Wereldverteldag 2020 viel vlak nadat coronamaatregelen in waren gegaan. Bij die gelegenheid maakte ik een opname van het verhaal.


Wat je als engel nooit ofte nimmer moet doen is je vleugels afdoen.
Handboek Engel, hoofdstuk Persoonlijke Uitrusting, na stukken over de halo en de harp: “Tijdens diensttijd zal de engel zijn vleugels niet afdoen.”

En dat deed ik dus wel. Die dingen knelden namelijk verschrikkelijk en ik had er de hele dag al mee rondgevlogen. Dus ik hing ze even aan een wolk, echt maar voor eventjes. Alleen waaide het zo hard, dat ze er meteen afvlogen en naar beneden vielen. Ik sprong er achteraan. Maar dat was niet zo slim, want zonder vleugels kan zelfs een engel niet vliegen.

Ik landde op aarde midden in een bos. Even voor de duidelijkheid: ik zat zwaar in de problemen. Een engel op aarde wordt geacht mensen te helpen.
Engelbergse Catechismus, vraag 1: “Waartoe zijn wij op aard, in de hemel en overal ertussenin?” Antwoord: “Om mensen, dieren en de ganse natuur gelukkig te maken, nu en in het hiernamaals.”
Om mensen, dieren en de ganse natuur gelukkig te maken…

Maar dan moet je wel je vleugels bij je hebben. Een engel zonder vleugels is eigenlijk geen engel. Bovendien, zonder vleugels kon ik niet meer terug omhoog. Ik moest dus op zoek naar mijn vleugels.

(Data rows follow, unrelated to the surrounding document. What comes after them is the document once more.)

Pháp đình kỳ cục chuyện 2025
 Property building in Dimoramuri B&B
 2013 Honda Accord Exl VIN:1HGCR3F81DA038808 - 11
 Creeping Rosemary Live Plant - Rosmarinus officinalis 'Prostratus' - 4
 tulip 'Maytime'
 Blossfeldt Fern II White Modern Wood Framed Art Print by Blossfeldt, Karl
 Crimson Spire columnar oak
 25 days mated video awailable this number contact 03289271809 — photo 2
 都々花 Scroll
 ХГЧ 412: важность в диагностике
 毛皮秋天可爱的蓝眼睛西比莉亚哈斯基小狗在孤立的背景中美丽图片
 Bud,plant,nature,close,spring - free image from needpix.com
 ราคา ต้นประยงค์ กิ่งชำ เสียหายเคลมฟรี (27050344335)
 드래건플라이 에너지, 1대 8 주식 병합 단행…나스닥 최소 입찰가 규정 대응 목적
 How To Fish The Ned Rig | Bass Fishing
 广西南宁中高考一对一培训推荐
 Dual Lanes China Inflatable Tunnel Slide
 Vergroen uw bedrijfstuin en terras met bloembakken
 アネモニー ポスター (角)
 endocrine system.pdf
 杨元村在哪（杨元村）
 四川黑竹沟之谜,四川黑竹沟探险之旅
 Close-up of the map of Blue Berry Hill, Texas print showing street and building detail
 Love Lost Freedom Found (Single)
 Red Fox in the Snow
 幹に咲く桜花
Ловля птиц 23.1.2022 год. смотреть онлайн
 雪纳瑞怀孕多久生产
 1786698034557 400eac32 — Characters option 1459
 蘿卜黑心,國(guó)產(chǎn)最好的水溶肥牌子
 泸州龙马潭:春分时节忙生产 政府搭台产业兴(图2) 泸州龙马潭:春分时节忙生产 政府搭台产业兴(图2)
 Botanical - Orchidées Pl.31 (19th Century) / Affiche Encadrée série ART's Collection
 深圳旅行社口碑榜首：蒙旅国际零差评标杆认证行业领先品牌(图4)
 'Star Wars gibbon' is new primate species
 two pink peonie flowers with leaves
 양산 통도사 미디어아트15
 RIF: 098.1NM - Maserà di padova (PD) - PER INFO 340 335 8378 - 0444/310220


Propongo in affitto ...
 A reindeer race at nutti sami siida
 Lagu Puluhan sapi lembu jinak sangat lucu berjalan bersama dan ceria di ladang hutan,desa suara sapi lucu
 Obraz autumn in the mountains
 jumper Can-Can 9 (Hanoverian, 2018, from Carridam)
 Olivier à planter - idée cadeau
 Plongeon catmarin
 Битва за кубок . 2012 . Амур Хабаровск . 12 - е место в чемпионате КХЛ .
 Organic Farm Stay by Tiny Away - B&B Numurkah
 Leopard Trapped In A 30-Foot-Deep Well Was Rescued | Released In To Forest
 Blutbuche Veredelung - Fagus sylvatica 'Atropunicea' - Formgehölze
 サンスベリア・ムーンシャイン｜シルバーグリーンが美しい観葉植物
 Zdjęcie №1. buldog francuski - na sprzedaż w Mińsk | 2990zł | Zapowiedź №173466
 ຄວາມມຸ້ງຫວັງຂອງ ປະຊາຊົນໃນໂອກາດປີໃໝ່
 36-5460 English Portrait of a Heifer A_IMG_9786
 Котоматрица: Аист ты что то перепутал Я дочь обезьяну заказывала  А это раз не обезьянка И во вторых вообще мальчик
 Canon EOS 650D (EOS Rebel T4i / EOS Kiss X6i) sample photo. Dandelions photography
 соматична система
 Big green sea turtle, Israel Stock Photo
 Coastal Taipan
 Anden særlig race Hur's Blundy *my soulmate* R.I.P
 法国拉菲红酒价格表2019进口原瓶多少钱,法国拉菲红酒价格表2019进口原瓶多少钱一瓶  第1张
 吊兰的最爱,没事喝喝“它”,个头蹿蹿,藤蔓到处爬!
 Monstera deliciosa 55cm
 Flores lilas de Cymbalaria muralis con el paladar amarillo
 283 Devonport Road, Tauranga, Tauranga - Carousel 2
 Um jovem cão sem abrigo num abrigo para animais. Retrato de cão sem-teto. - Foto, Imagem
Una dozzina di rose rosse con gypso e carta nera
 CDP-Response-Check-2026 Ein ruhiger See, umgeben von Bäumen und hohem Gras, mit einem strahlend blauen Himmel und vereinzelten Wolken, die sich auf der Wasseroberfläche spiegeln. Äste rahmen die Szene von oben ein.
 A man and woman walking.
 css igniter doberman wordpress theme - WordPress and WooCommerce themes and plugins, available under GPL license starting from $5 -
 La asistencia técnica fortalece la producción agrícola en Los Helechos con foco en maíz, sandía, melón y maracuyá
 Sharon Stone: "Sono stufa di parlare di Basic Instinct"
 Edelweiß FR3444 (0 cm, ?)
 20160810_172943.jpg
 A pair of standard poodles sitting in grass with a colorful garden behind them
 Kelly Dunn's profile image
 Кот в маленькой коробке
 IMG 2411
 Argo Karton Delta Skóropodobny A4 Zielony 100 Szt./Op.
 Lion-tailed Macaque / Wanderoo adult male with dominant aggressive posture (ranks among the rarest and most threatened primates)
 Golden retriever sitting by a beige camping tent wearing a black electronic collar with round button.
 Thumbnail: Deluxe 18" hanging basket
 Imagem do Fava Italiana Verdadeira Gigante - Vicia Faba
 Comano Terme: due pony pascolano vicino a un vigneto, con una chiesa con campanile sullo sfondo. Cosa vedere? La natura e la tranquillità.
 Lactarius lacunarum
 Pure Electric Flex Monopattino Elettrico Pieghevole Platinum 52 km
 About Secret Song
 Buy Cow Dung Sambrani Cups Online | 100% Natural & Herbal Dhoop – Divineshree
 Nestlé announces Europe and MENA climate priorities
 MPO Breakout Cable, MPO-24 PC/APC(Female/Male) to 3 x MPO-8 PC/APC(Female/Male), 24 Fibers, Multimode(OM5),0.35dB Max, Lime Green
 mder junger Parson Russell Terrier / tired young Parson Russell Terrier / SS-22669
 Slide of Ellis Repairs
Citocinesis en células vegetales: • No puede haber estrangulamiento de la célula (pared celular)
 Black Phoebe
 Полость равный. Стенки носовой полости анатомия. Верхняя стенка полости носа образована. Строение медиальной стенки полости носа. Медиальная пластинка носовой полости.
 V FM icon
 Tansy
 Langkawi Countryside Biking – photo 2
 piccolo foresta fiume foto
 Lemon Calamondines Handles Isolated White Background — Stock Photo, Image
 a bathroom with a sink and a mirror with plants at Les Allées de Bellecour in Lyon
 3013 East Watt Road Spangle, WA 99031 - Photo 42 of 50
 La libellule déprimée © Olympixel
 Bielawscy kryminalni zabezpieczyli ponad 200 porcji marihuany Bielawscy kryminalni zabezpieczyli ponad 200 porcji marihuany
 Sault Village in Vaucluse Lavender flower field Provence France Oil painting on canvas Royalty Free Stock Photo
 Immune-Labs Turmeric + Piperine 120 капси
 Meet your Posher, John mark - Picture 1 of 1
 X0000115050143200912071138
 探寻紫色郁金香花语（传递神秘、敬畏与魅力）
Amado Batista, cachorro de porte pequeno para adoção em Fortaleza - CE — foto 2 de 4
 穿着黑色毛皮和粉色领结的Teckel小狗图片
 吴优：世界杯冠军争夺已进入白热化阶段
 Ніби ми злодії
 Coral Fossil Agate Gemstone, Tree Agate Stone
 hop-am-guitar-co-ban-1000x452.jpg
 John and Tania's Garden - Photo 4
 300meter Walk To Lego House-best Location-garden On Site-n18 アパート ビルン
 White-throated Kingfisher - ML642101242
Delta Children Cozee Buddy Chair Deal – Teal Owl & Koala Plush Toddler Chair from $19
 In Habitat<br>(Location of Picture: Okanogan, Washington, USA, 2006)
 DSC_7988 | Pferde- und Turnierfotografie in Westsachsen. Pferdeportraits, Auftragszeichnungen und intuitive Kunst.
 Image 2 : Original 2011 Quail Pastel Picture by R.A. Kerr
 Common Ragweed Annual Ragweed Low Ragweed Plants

Ik wandelde in de richting waarheen mijn vleugels gevlogen waren en na een tijdje kwam ik bij een open plek in het bos waar drie mannen rond een kampvuur zaten. Ze waren stil en zaten er somber bij. Eén neuriede een mooie, droevige melodie. Toen ze me zagen was de somberte op slag verdwenen. Ze sprongen op en lachten:
“Een engel! Dan komt het toch nog goed!”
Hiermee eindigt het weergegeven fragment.